III.2. Zerstörung der integrativen Planungskultur
Die Bestrebungen, die Möglichkeiten der Befreiung vom geltenden Planungsrecht nach §31 Absatz (3) BauGB zu verstätigen und noch auszuweiten, laufen auf eine Zerstörung der integrativen Planungskultur hinaus. (Maßnahme 1.4. u. 1.5.) Eine zukunftsorientierte Stadtplanung wägt die unterschiedlichen Belange für eine nachhaltige Stadtentwicklung ab. Sie verliert ihren Sinngehalt, wenn ihr Inhalt durch eine einseitige Schwerpunktsetzung fortwährend durchlöchert und vernachlässigt werden kann. Wenn sich Festsetzungen als nicht mehr zeitgemäß erweisen, dann müssen sie in einem geordneten städtebaulichen Planungsverfahren geändert werden, weil nur so die Fortschreibung der Abwägung aller Belange gesichert werden kann. Das mag u.U. mehr Zeit in Anspruch nehmen, ist aber nachhaltig und damit langfristig für das Gemeinwesen auch effektiver.

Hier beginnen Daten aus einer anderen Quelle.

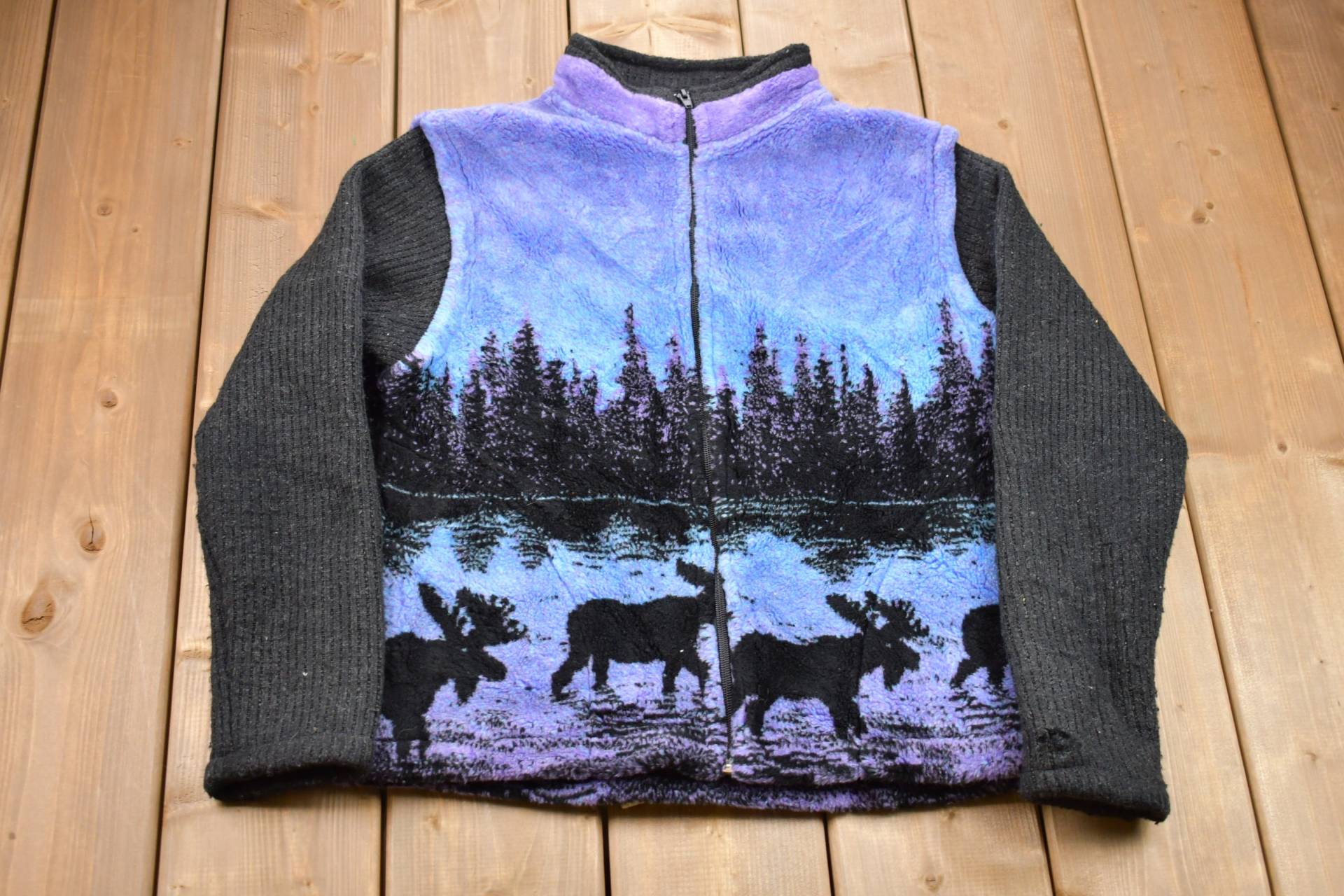 Vintage 90Er Jahre Black Mountain Outdoor Moose All Over Print Full Zip Fleece Pullover/Sportbekleidung Streetwear Made in Usa von Lostboysvintage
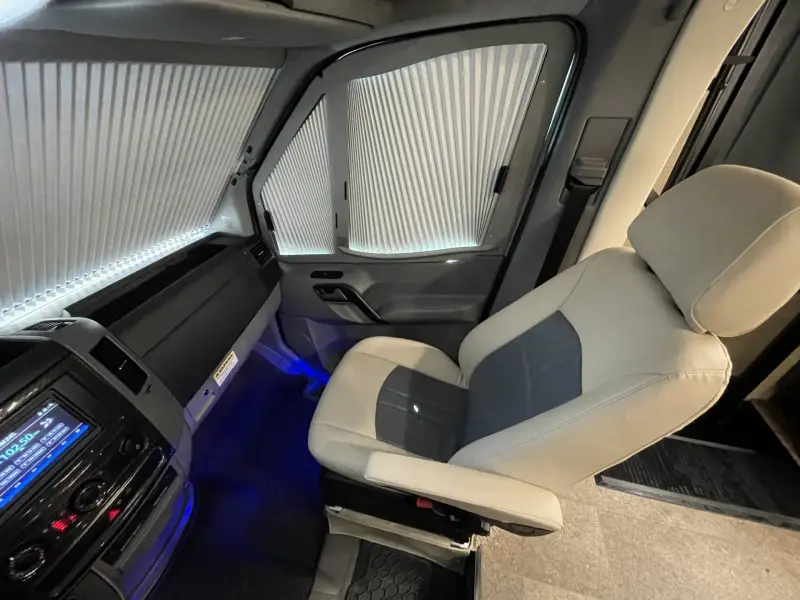 2016 Itasca Navion 24J photo 22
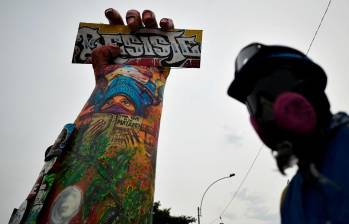 El Monumento a la Resistencia se encuentra en Puerto Rellena en la ciudad de Cali y fue construido por jóvenes de la Primera Línea en colaboración con autoridades locales. Foto: Getty Images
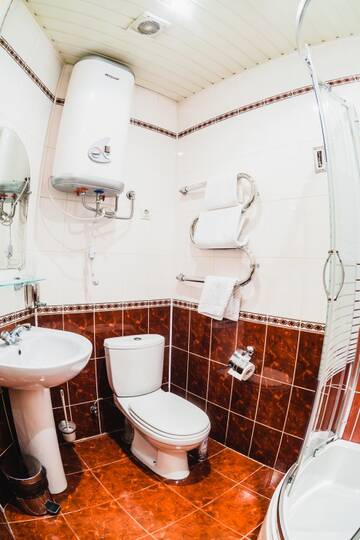 Фото номера Трёхместный номер комфорт (с доп.местом) Мини-отель Мини-отель Old Flat  г. Санкт-Петербург 3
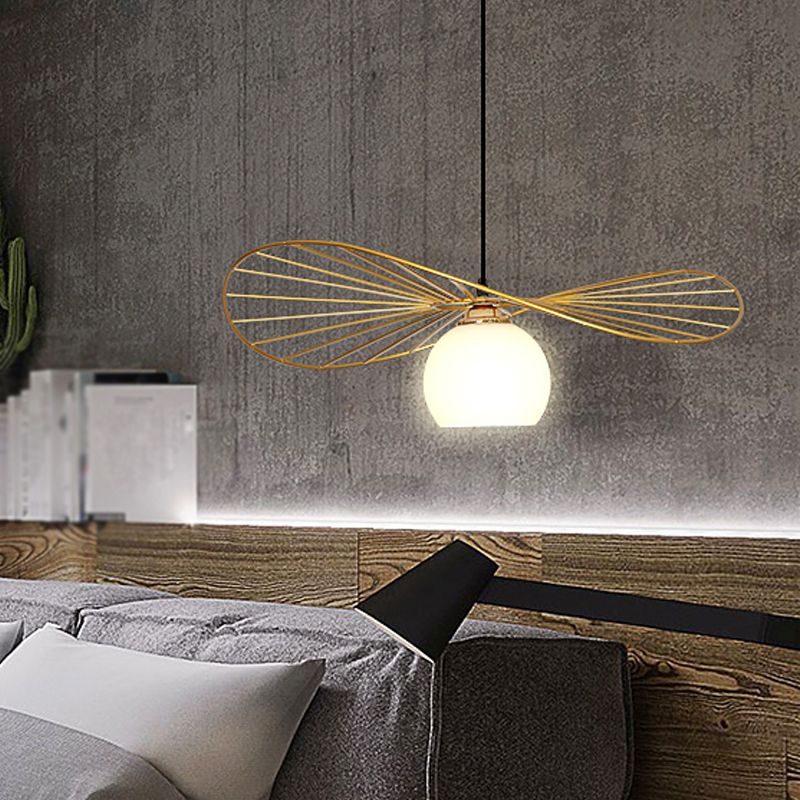 Pendentif en forme de chapeau en fil métallique minimaliste de 1 tête de tête de tête avec une teinte en verre pour le salon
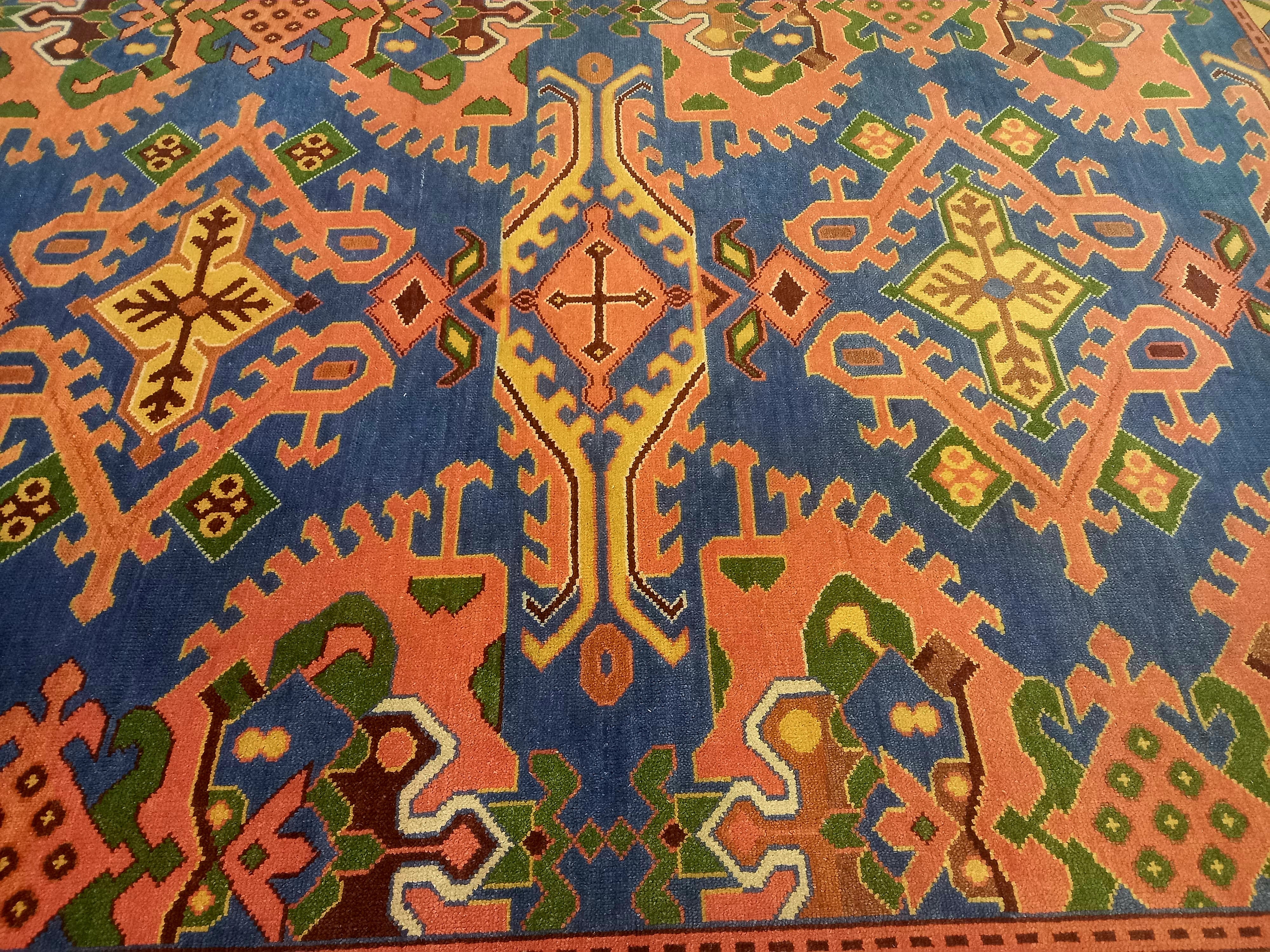 Premium Hand-Knotted Heriz Serapi Wool Rug - Royal Blue & Terracotta Geometric Carpet - Custom Size Traditional Area Rug for Living Room & Dining Space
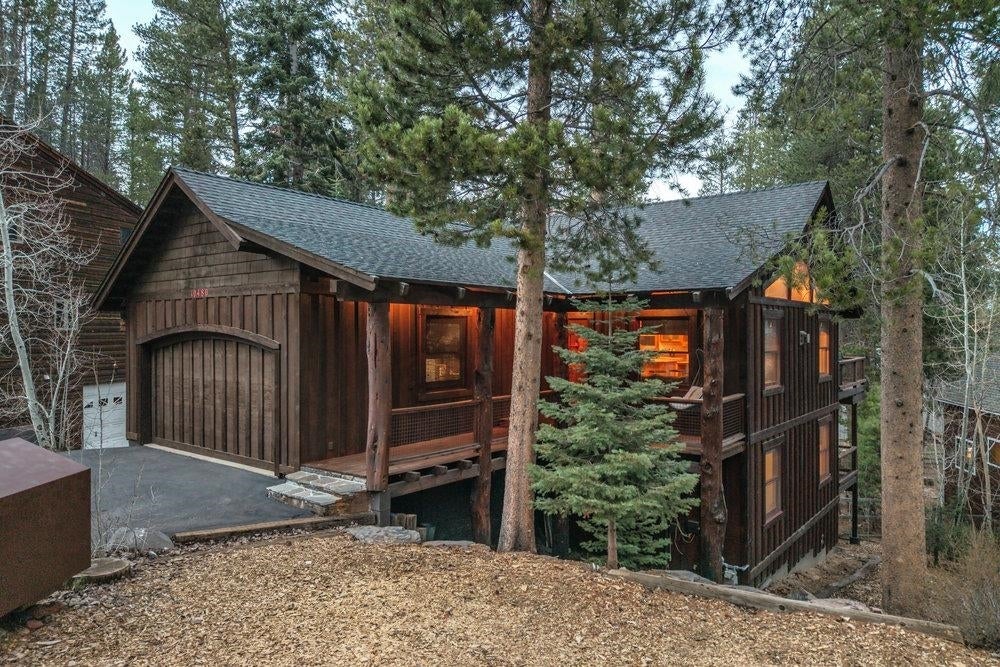 10480 Iris Road, Truckee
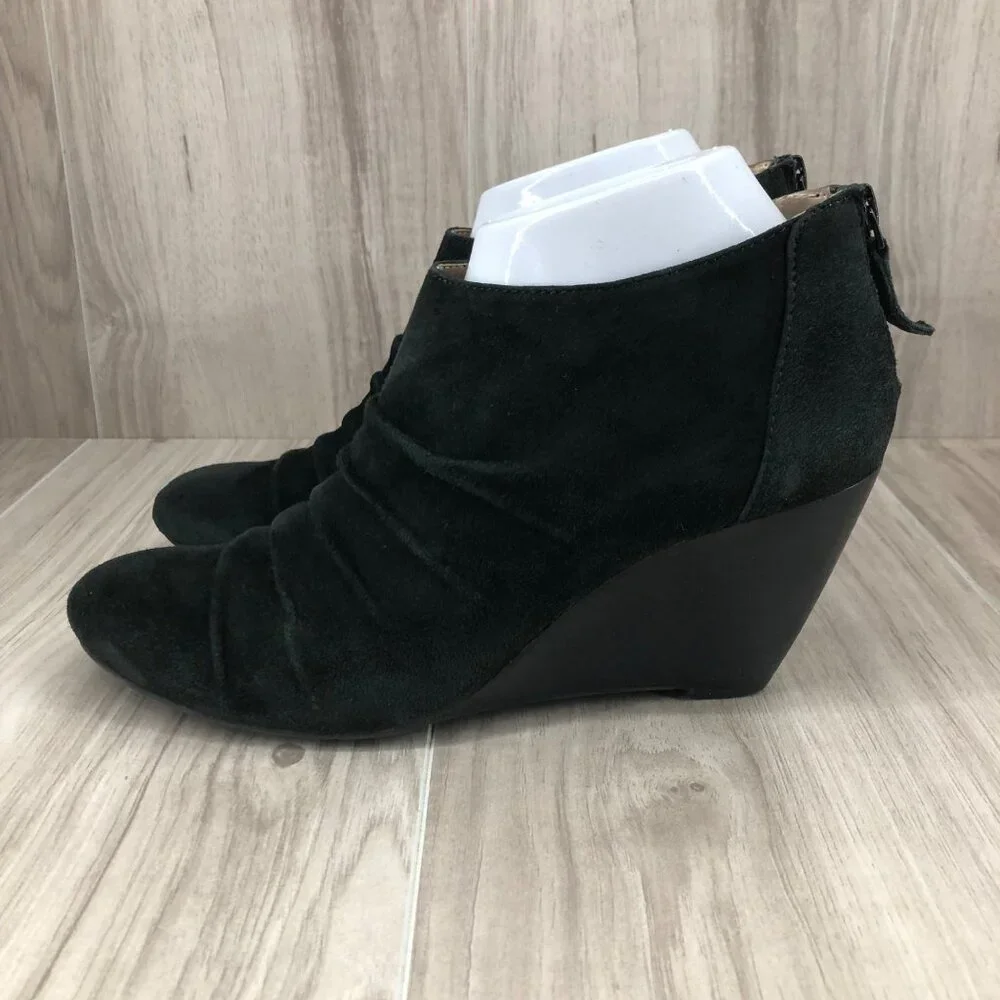 BCBGeneration Wedge Ankle Boots Womens 8.5B Helen Black Suede Zip Booties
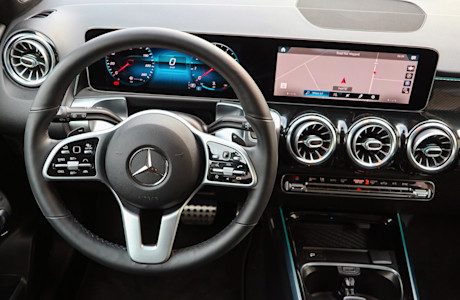 Editorial 2021 mercedes benz glb 250 4matic 18 jm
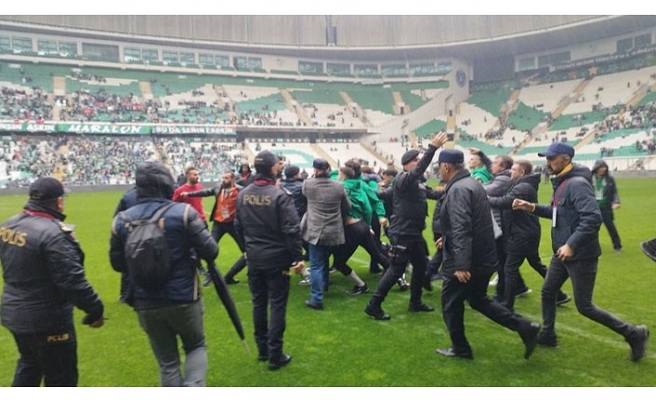 Bursaspor karşılaşmasında Amedspor'a saldırılar: Soylu'dan 'soruşturma' açıklaması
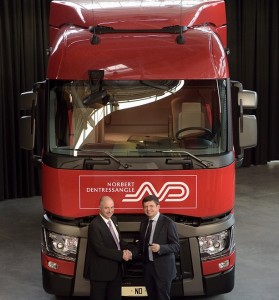 530 kolejnych pojazdów Renault Trucks dla firmy transportowej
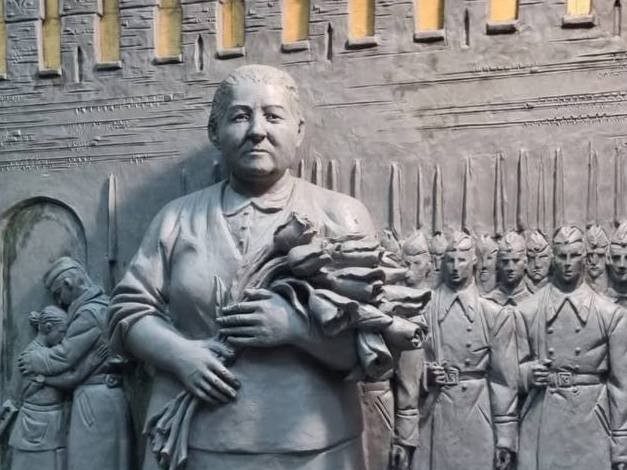 Памятник «Кремлевской бабушке» откроют в Яропольце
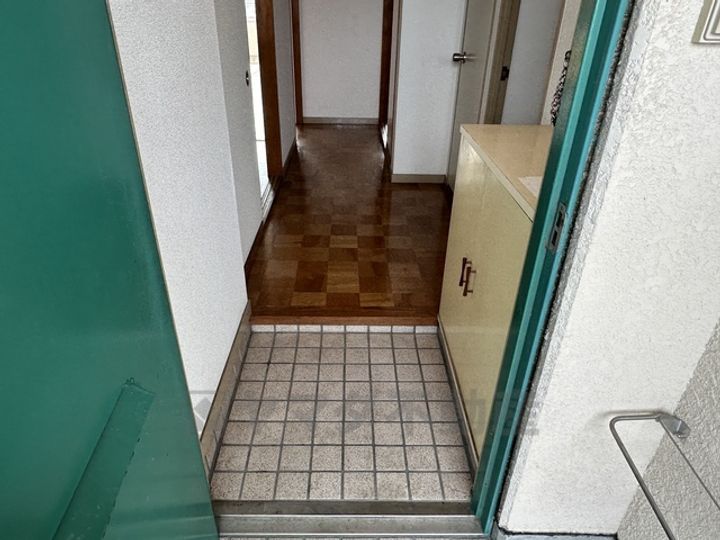 渡清ハイツの玄関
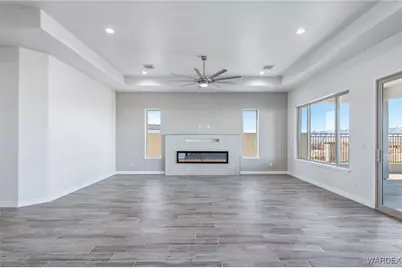 2439 E Calle Sevilla, Fort Mohave, AZ 86426 - Photo 9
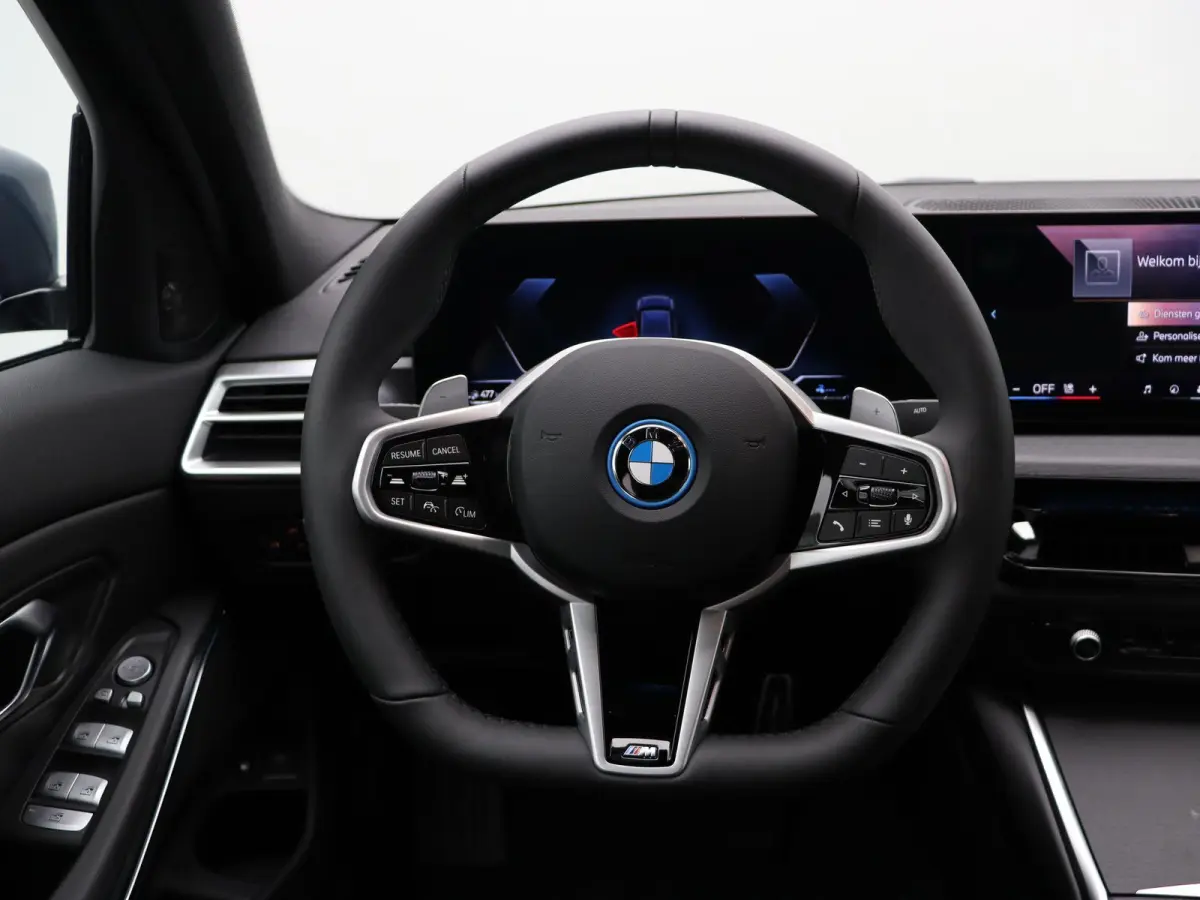 330e M Sportpakket Pro | Comfort Pack | Comfort Access | Achteruitrijcamera | Trekhaak | Elektrisch verwarmde voorstoelen | Active Cruise Control | Harman Kardon | Parking Assistant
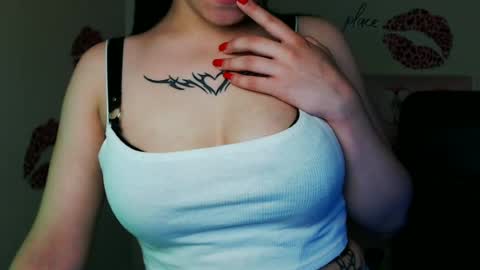 Snapshot of cutielady_ chatting on 18, 6, 2026 Emma online show from 18, 6, 2026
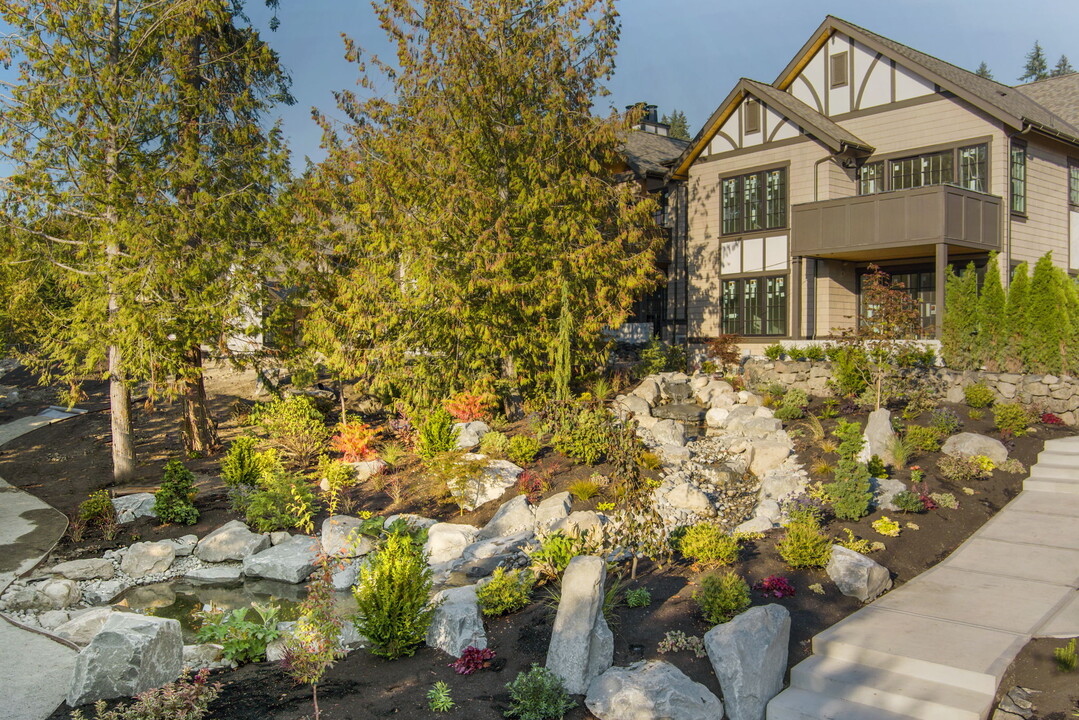 4606 Chardonnay Ln NE in Bainbridge Island, WA - Building Photo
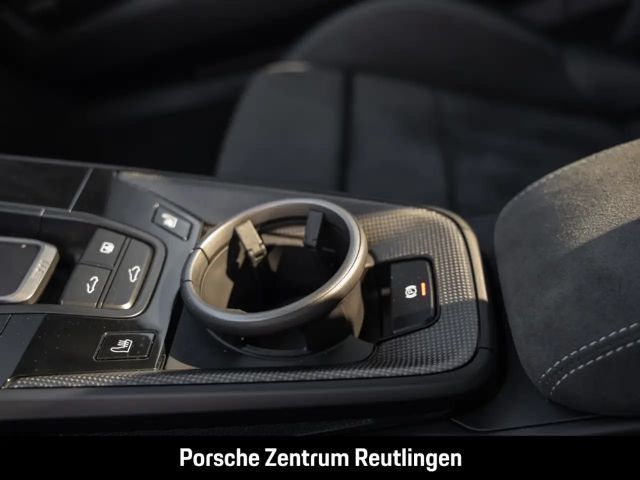 Porsche 992 4 Carrera Coupé GTS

III.3. Die Abschaffung überflüssiger Berichte und Aufwendungen
Die Abschaffung überflüssiger Berichte und Aufwendungenwäre im Grundsatz ein unterstützenswertes Vorhaben. Allerdings lassen die unter dem Punkt 1.6. angekündigten Bestrebungen zur Straffung des Umweltberichtes und zur Reduzierung der Umweltprüfungen im Kontext der anderen Vorhaben die Absicht einer Reduzierung des Umweltschutzes erkennen. Das ist angesichts der aktuellen Herausforderung an die Stadtplanung bei der Bewältigung der Anpassung an die Klimaveränderungen realitätsverleugnend und für die Entwicklung der zukünftigen Wohnqualität in der Stadt kontraproduktiv.
III.4. weniger Wohn- und Lebensqualität
Gleiches gilt für die angestrebte Priorisierung des Wohnungsneubaus gegenüber dem Natur- und Artenschutz wie sie mit den Maßnahmen 2.55 – 2.58 verfolgt wird. Auch hier gilt: Einseitigkeit, borniertes Sektorendenken („Wohnungsneubau first“) führt zu weniger Wohn- und Lebensqualität und reduziert perspektivisch die Bewohnbarkeit der Stadt.
III.5. Verlagerung von Entscheidungs- und Genehmigungskompetenzen
Das im SBG-E feststellbare Bestreben nach Verlagerung von Entscheidungs- und Genehmigungskompetenzen von der Bezirksebene auf die Senatsebene kennzeichnet auch eine Reihe der geplanten „außergesetzlichen Maßnahmen“, z.B. 2.1., 2.2., 2.48. und 2.51..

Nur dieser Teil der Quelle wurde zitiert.